All this I scrawl to bring us up to today's album, Poems and Rhapsodies (Centaur CRC 3799) which showcases the rather ravishing violin expressions of Solomiya Ivakhiv, along with the National Symphony Orchestra of Ukraine under Volodymyr Sirenko. Joining the proceedings for one piece is US native Sophie Shao as cello soloist.

I bring up Vaughan Williams and "The Lark Ascending" as it is a part of the program, very nicely done, an excellent version with all the special wistfulness of the score on display. 

Throughout the program focuses quite happily on Ms. Ivakhiv's wonderful violin play, sweet enough to carry the feeling this program needs, not sticky sweet, and beautifully poised in her concentrated lyricism. The National Symphony Orchestra of Ukraine with Volodymyr Sirenko at the podium provides us with both the detailed sound staging that this music demands and a sympathetic centrifugal irradiation of lyric fullness.

The key to the music resides in part clearly in the title of the album, Poems and Rhapsodies. The six work program centers on an expression of impassioned sweeps of dramatic sounds, from the Late-Romantic French budding of a dimensional proto-Impressionism in Saint-Saen's "Le Muse et le poete" that features Ms. Ivakhiv along with the cello of Sophie Shao as dual soloists in a rhapsodic introspection that opens further into the present on Chausson's "Poem symphonique," which projects a wonderfully suspended reflectiveness and gives Solomiya a  glowing set of responses to the orchestral ruminations, which she takes in stride and makes of it all something personal.

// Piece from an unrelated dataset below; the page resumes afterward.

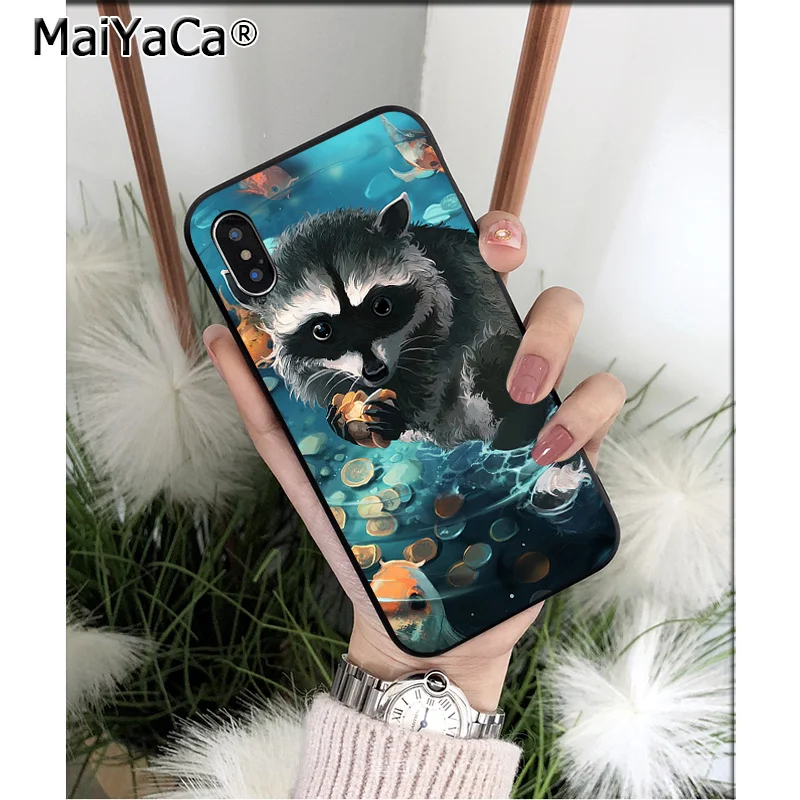 A11 MaiYaCa животное енот лиса высокое качество чехол для телефона iPhone X XS MAX 6 6S 7 7plus 8 8Plus 5 5S XR - Цвет: A11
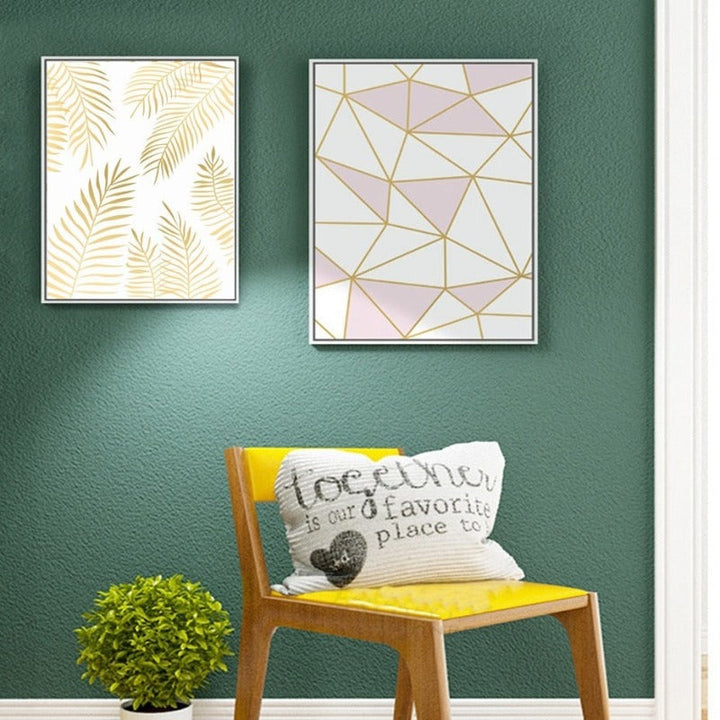 Geometric Leaves Pineapple - Canvas Wall Art Painting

And then out of the rhapsodic mist there emerges at the most opportune point the wonderful "Lark Ascending" with a very fine absorption of the solo part, deeply thoughtful-wistful and the orchestra laying down a gentle carpet of aural pine needles. Nice job! And like my art directing friend of years back asked, "What is this?" is still relevant, for the music is wonderfully itself and as timeless as it ever has been. 

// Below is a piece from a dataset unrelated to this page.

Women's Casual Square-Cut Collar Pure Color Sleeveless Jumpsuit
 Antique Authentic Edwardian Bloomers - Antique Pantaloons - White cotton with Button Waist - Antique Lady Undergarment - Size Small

From there we have a threefold second half of the program with some very Ukranian melodic and rhythmic fine tuning and folk recalling in the works by Anatoly Kos-Anatolsky and Myroslav Skoryk. The two works as presented here give the ultimate argument of why we need to hear and appreciate the works thanks to the considerable beauty and dynamics of the performances. The Kos-Anatolsky "Poem for Violin and Orchestra" was composed in 1962 and lost. Ms. Ivakhiv commissioned Bohdan Kryvopust to reconstruct the work from a recoded source. It is some beautifully intriguing music with Ivakhiv sounding every bit as expressive as you could ask for. And in the process we get the chance to hear this work in near ideal circumstances. It calls forth with a beautifully rhapsodic and then beautifully folk-dance-like. Bravo.

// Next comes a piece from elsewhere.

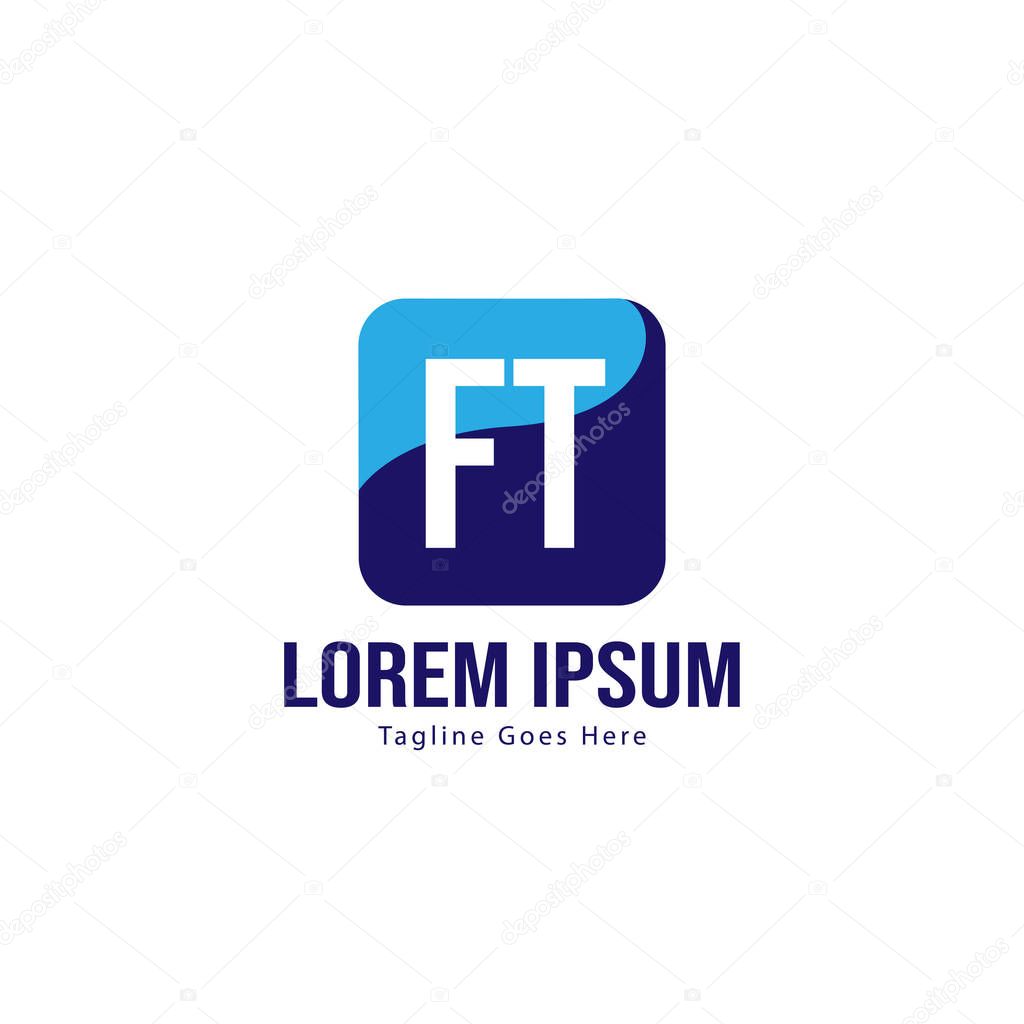 Initial FT logo template with modern frame. Minimalist FT letter logo vector illustration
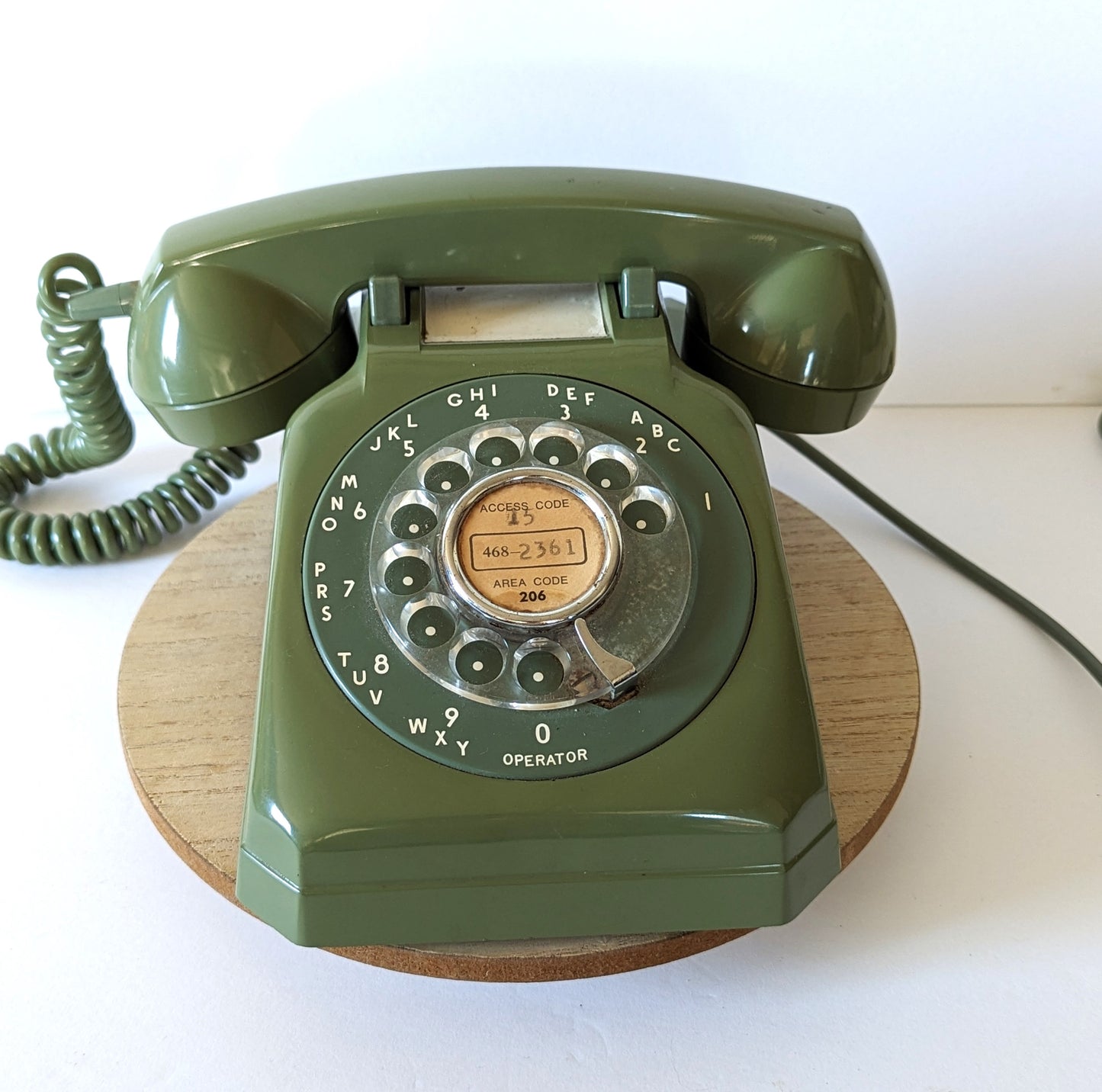 Stomberg Carlson MCM Avocado Green Rotary Telephone Phone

The Myroslav Skoryk "Carpathain Rhapsody" also has wonderful local dance-folk components that the composer skillfully sets up for soloist and orchestra in ways that intrigue and beguile.

To more or less tie things together we are treated to a Modern blockbuster with Kenneth Fuch's "American Rhapsody." It has a furtherance of the beautiful mystery than these works often carry to us in this recording. The Fuchs work has a wonderfully colorful and luminescent quality. It is worth the price of entry alone. 

But of course you get a considerable amount of lovely music here, played with the kind of attention each of these works deserve. Solomiya Ivakhiv has just the right temperament to make each of these works shine with a fabulous tone and virtuoso panache that feels just right. And bravo to the National Orchestra for the care and brilliance with which the music comes to us here.

This one gives you a great deal to appreciate. Do not hesitate!